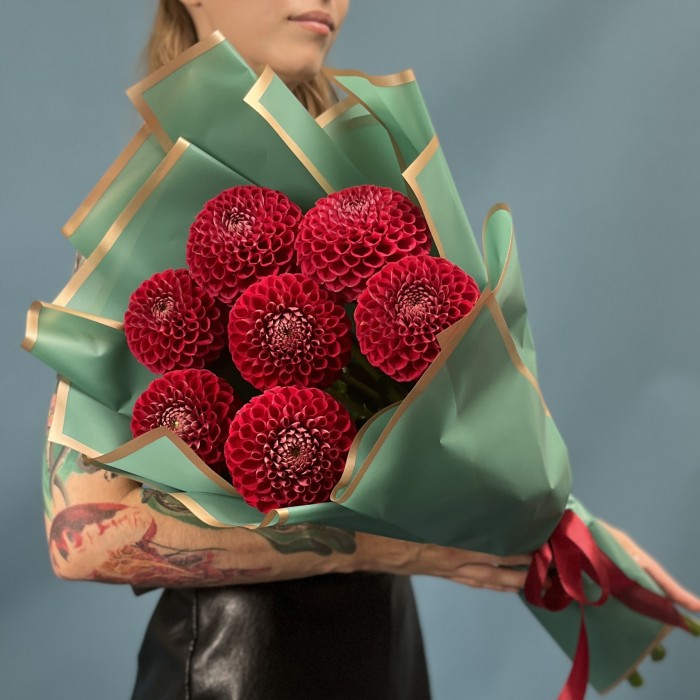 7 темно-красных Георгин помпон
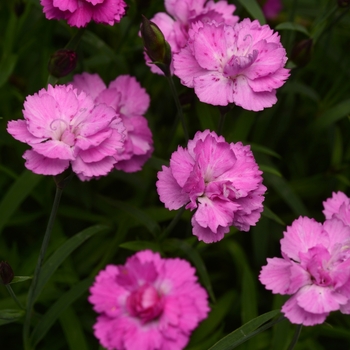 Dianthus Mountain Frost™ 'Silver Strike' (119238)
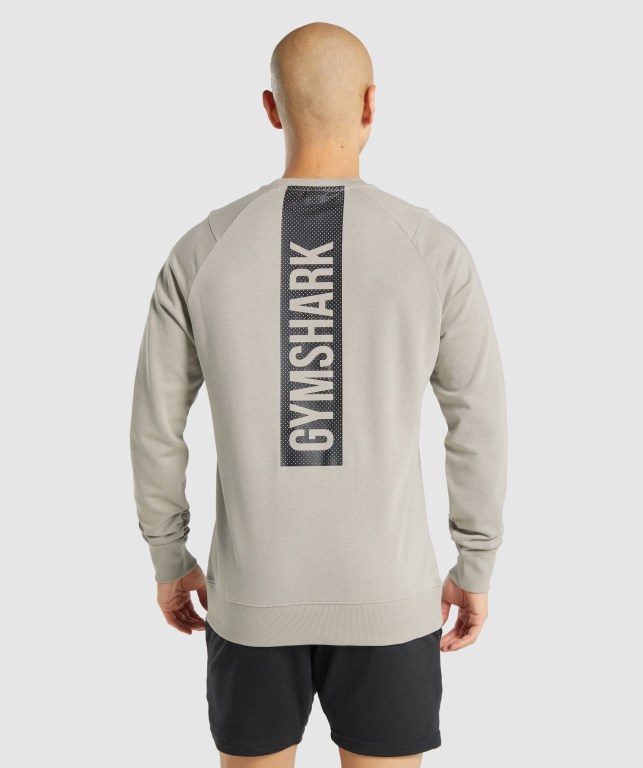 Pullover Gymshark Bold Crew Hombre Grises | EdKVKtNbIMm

What you should do:
Repeat, exactly and only, the lines from the one containing "Dianthus Mountain Frost™" through the final line of the data, both ends included, leaving out any picture.

Solved problem:
 Dianthus Mountain Frost™ 'Silver Strike' (119238)
 Pullover Gymshark Bold Crew Hombre Grises | EdKVKtNbIMm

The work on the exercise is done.